It may seem like an inconsequential story at first. Netflix (NFLX -0.62%) is shutting down dormant accounts, even as they continue to pay their monthly subscriptions. The world's leading premium streaming platform is now reaching out to folks with current accounts who haven't been consuming content for a year since joining the service and shutting them down if they don't respond. Netflix will also be checking in on customers who have stopped watching for more than two years.

Companies often seek out the biggest drags on their business models and weed them out. Some internet providers and wireless carriers will slow you down if you consume too much bandwidth in any given billing period. Credit card companies will gun for churners who gobble up lucrative signup offers and move on to the next card by rejecting applicants who have had too many recent credit inquiries. Insurers will jack up the rates of folks who file too many claims or take too many chances. Netflix is going in an entirely different direction here. It's booting its most profitable customers. This is a ridiculous move, but it's also a brilliant one.

The cast of Sense8 raising glasses to make a toast at a bar counter.

The cast of Sense8. Image source: Netflix.

The method behind the madness

Netflix isn't kicking out deadbeat customers. These folks continue to faithfully pay every month. However, if they haven't consumed fresh content over the past year -- no Tiger King, no Love Is Blind, no Ozark -- it might just be that they aren't watching their monthly credit card bills closely. Maybe these dormant viewers just don't have a firm grasp on how easy it is to cancel Netflix. 

In terms of overhead, Netflix is kicking out its highest-margin customers with this move. Netflix pays for the bandwidth on the content it serves, so the more you stream, the more Netflix pays. This is the polar opposite of the Roku (ROKU -0.40%) model. Roku's hub is free for consumers. All of the streaming costs beyond its namesake channels are on the dime of the third-party services on the platform. Roku actually makes more money the longer someone is on the platform, because that expands its ability to place online ads. 

Netflix showing the door to folks who fail to heed the call to binge is certainly odd.
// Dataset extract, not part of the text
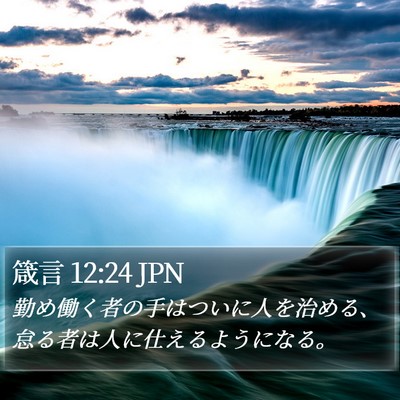 箴言 12:24 JPN Bible Verse Image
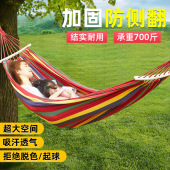 吊床户外秋千防掉侧翻成人双人儿童室内宿舍寝R室大学生吊椅露营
When Netflix -- and now Roku -- asks you if you're still streaming a series after a long period of inactivity, it's financially beneficial to Netflix. Checking the dormant viewers with inactive accounts is more about customer service and human decency, which you don't often see on subscription-based platforms. 

There aren't a lot of people in this dormant-subscriber group. We're talking about hundreds of thousands of impacted subscribers, or 0.5% of the 183 million members worldwide it was serving at the end of March. These were really profitable customers, but at the end of they day it's not as if they were moving the needle. If anything, this is a testament to how engaging Netflix is to the other 99.5% of subscribers. Netflix will continue to be a market darling among media stocks. It's just being a class act in the process.